Onde tem carnaval, tem direitos humanos
*Por Wellerson Soares
O carnaval já vai terminando e a tradição das escolas de samba em cantar sobre os direitos humanos segue viva. Agremiações de Rio de Janeiro e São Paulo levaram à avenida temas sensíveis, mas necessários de serem abordados, como igualdade racial, de gênero, respeito às religiões de matriz africana, às mulheres, entre outros assuntos.
Desde 1960, com a revolução salgueirense cantando sobre Zumbi dos Palmares, passando pelo samba Ratos e Urubus, da Beija-Flor (1989) e Histórias para Ninar Gente Grande, da Mangueira (2019), que as escolas fazem de seus versos uma forma de levar ao público a defesa de causas sociais e chamar atenção dos espectadores para questões que atravessam a sociedade.

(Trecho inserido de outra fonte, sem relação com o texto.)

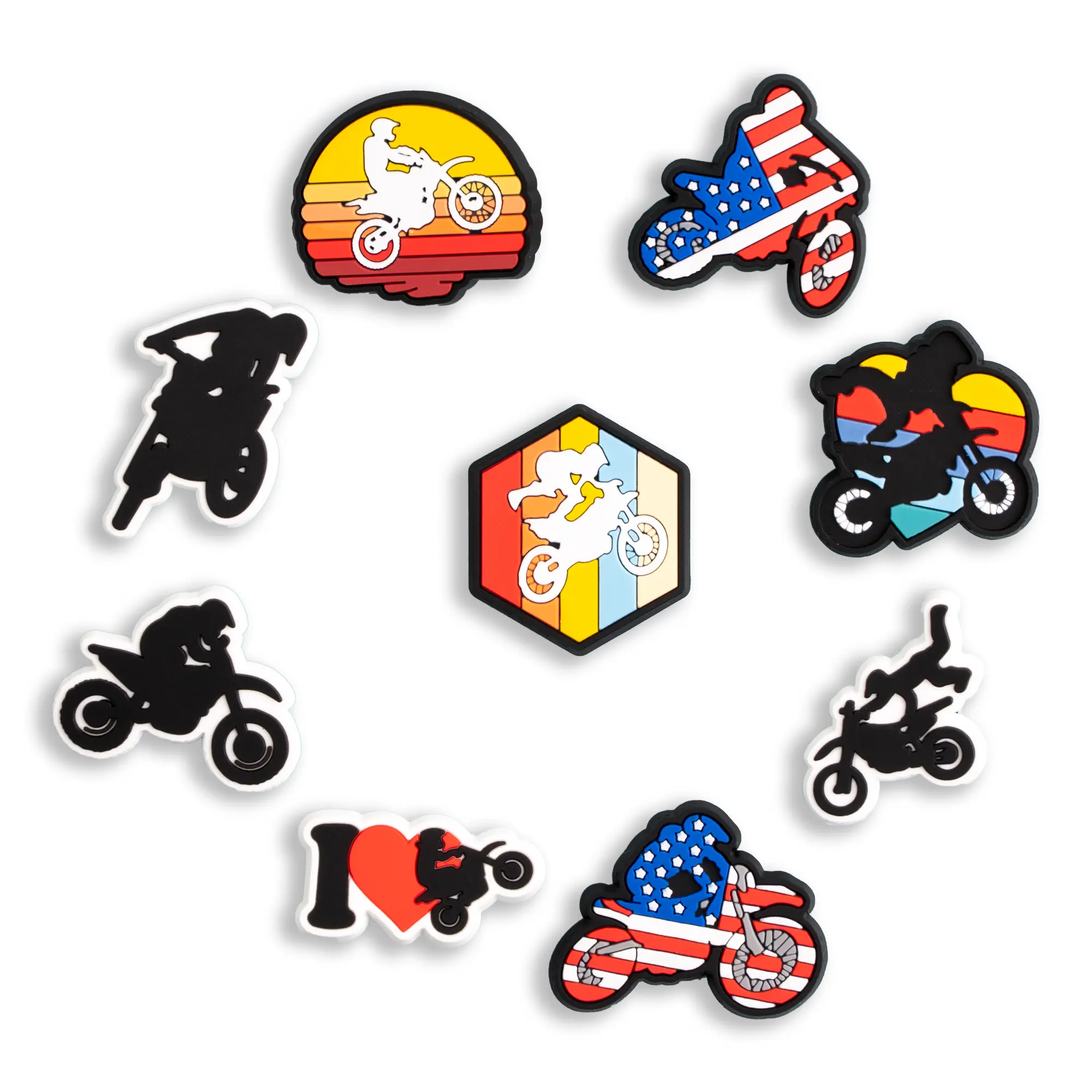 Dirt Bike Shoe Charms Dirt Bike 9PCS Shoes Charm PVC Clog Pins Accessories Party Favors Birthday Gifts Holidays Decoration for Boys Men Girl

É dessa forma que o carnaval atravessa décadas, caracterizado pela luta por direitos e por uma voz potente na crítica social, dentro e fora do Brasil.
Mas para além das festas oficiais com as agremiações, o espetáculo na Sapucaí ou no Anhembi, o carnaval não-oficial, que acontece com os blocos de rua, também é um espaço de resistência e discussão sobre os direitos humanos. Muitos grupos e coletivos carnavalescos têm levado às ruas discursos reivindicando o direito à cidade, à moradia, o respeito à população de rua, o direito ao transporte público de qualidade e à mobilidade, a defesa de espaços públicos, o direito de manifestação e à coletividade, que não exclui o outro. Por isso, por diversas vezes, é alvo de ataques e sofre impedimentos por parte do poder público.

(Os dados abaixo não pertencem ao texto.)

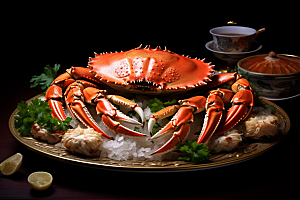 梭子蟹美食海货摄影图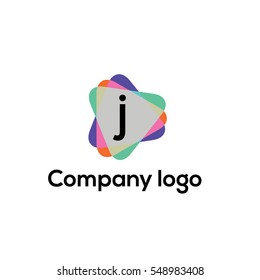 Letter j logo in Play button icon. Rounded triangle  icon.  Vector design element suitable for social media, app icon, corporate identity, card, labels or posters. Triangle sign (symbol, logo element)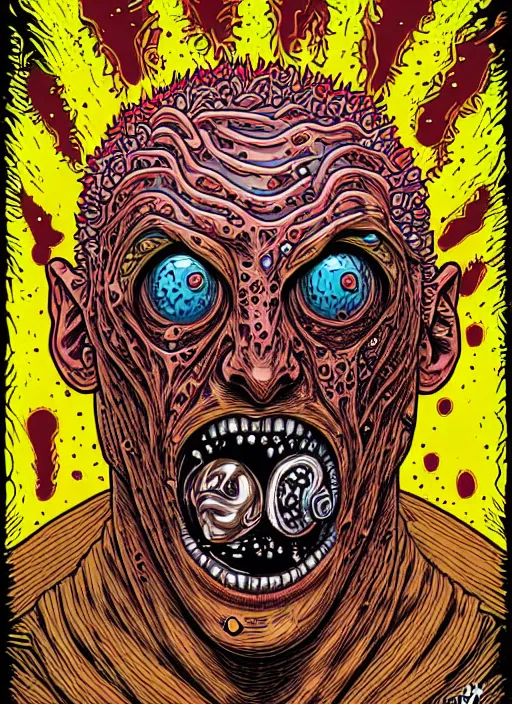 Prompt: messi's disgusting true form bursting from within, gross, slimy, sleazy, pustules, high details, intricate details, by dan mumford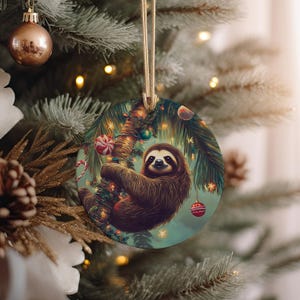 May include: Round Christmas ornament featuring a brown sloth hanging from a decorated tree branch. The ornament has a light blue background with Christmas lights, candy canes, and a red and white striped ornament. A gold string is attached for hanging.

Para o historiador e jornalista Luiz Antônio Simas, em entrevista à Agência Pública, a tentativa de apagamento do carnaval de rua é também uma clara tentativa de restringir direitos.

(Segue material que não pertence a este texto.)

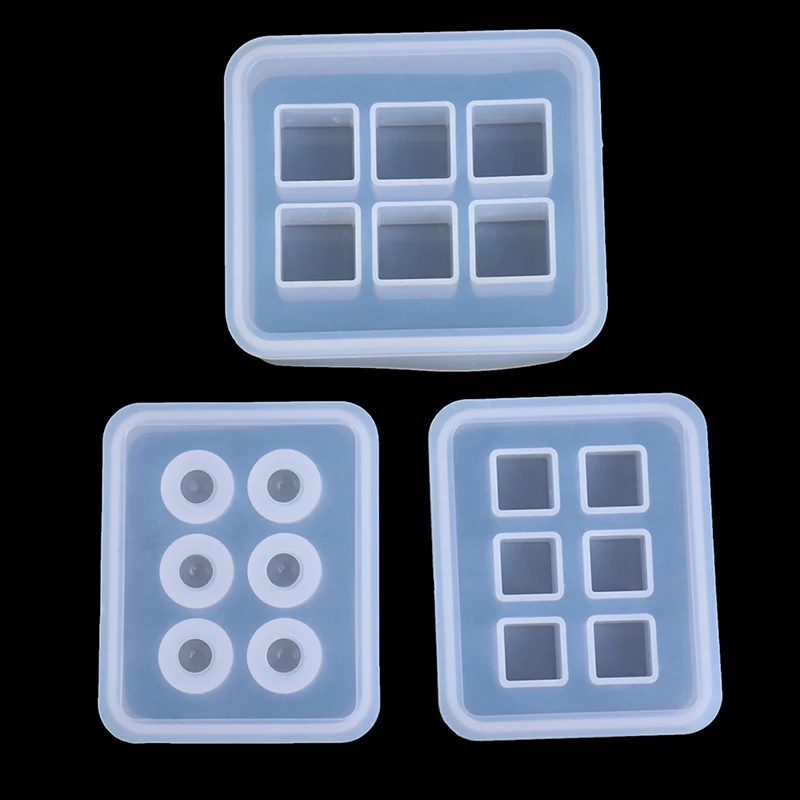 

Transparent 6 Hanging Holes Rectangle Silicone Bead Mould Square Ball DIY Epoxy Jewelry Mold Resin Molds For Jewelry Gift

“Quando você tira o carnaval de rua de cena, há um esvaziamento simbólico da própria rua como instância de construção da vida na cidade. Uma grande disputa que envolve a cidade passa pela rua. O que a gente quer: encarar a cidade a partir da lógica da circulação de mercadoria, de corpos apressados que se deslocam para o trabalho, ou entender a cidade como ponto de encontro?”, disse Luiz.
E é nesse encontro que se fortalece a resistência e a subversão às novas tentativas de distanciamento das classes populares de acesso aos espaços públicos, impedindo que se recrie o êxodo iniciado no século XIX, quando as pessoas foram expulsas do centro do Rio de Janeiro que passaria por um processo de reformas higienistas. Os impactos dessa proposta separatista se refletem atualmente em construções irregulares em encostas, loteamentos clandestinos, marginalização de culturas periféricas, violências e privações de liberdade.
Seja no Rio ou em Salvador, no Recife ou em São Paulo, o carnaval de rua é uma convocatória à ocupação, a soltar o grito e se unir à luta coletiva por direitos.